-5

In my understanding, the use of Windows filesystem functions accepting bytes (those with an A suffix) is discouraged (I didn’t find an official deprecation notice, but for example Python deprecated their use).

On Unix-derived systems, file names are stored as bytes. The encoding isn’t defined, but many systems are configured to interpret file names as UTF-8.

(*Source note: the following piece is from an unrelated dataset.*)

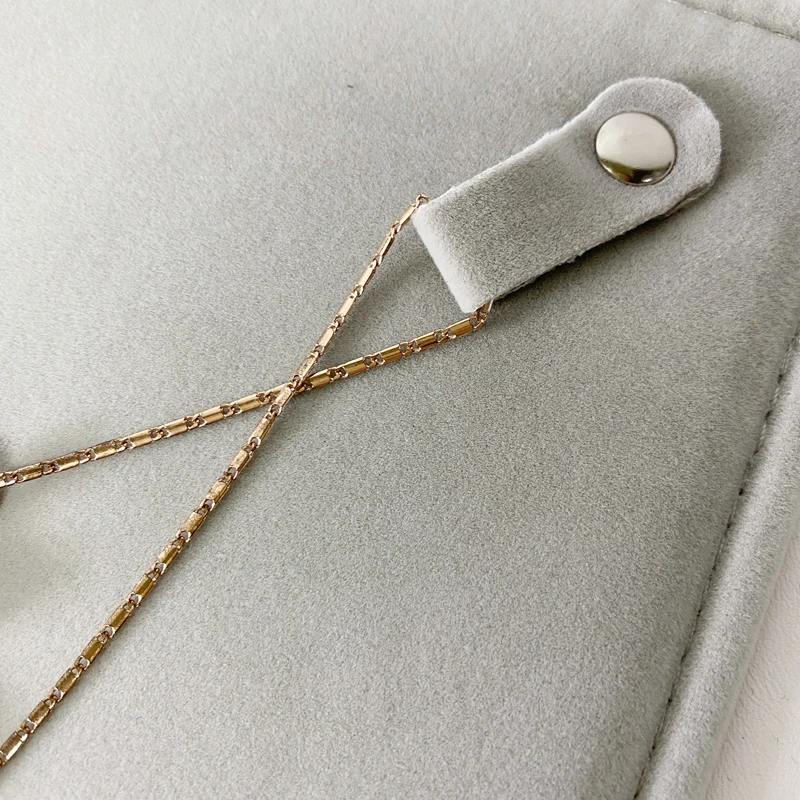 Exhibitor Set Jewelry Storage Bag Pearl Necklace Holder Black Velvet Pouch Square 5 Layers Fine Jewelry Travel Roll Bag for Ring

Since recently, it seems to be possible on Windows to set the code page to UTF-8. Is it possible to estimate how many Windows users have that code page set? Does it make sense to use the bytes-accepting filesystem API on Windows similar to how the POSIX API is used on Unix-derived systems (e.g. when porting some application from Linux to Windows)?

Manuel Jacob
  • 1,897
  • 10
  • 21
  • To the people who downvoted the question: I know that this question may be hard to ask in a good way. Can you make suggestions on how to improve the question? – Manuel Jacob Aug 06 '19 at 20:54
  • 2
    It is impossible to answer the "how many" part. The other question is subjective. But the answer is surely that it does not make sense to use the 8 bit API. Whilst it might be convenient to use UTF8 everywhere Windows isn't ready for it. – David Heffernan Aug 06 '19 at 21:09
  • @DavidHeffernan On Linux, it’s also impossible to estimate how many people are using UTF-8 as their system encoding. Still, nowadays most people seem to assume that everyone is using UTF-8. I deliberately didn’t ask how many people have that code page set. I asked whether it’s possible to do an estimatation at all. – Manuel Jacob Aug 06 '19 at 21:13
  • @DavidHeffernan So your answer was "no, it’s not possible to estimate how many" and "Windows is not ready for UTF-8 everywhere". Do you think it’s possible to restate my question in a way that this could be posted as an answer? – Manuel Jacob Aug 06 '19 at 21:18
  • 2
    No. I don't think there is any way to ask this question without it attracting valid close votes. – David Heffernan Aug 06 '19 at 21:24
  • One advice, forget everything you know from unix when trying windows programming. It's *way* different. Forget non-unicode *completely*. – Michael Chourdakis Aug 06 '19 at 22:55
  • @DavidHeffernan there is no convenience in using UTF-8 everywhere. In fact, UTF-8 is only used in a small part of programming. – Michael Chourdakis Aug 06 '19 at 22:57

1 Answers1

4

Only the newest versions of Windows 10 allows you to set the default codepage to UTF-8. This off-by-default feature is marked as Beta and has a couple of compatibility issues so I'm guessing the percentage is low.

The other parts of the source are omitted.